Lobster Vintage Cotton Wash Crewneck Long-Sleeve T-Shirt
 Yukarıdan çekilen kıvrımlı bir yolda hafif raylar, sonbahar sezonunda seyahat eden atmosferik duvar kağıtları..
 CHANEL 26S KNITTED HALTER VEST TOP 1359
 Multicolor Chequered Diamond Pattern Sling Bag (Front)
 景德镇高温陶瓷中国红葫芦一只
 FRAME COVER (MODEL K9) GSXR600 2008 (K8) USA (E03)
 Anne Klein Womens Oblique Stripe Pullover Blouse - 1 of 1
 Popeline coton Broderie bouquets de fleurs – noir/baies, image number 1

************

## Work to complete
Set down nothing but the lines from the one containing "Multicolor Chequered Diamond" through the final line above, exactly as written.

## Completed exercise
 Multicolor Chequered Diamond Pattern Sling Bag (Front)
 景德镇高温陶瓷中国红葫芦一只
 FRAME COVER (MODEL K9) GSXR600 2008 (K8) USA (E03)
 Anne Klein Womens Oblique Stripe Pullover Blouse - 1 of 1
 Popeline coton Broderie bouquets de fleurs – noir/baies, image number 1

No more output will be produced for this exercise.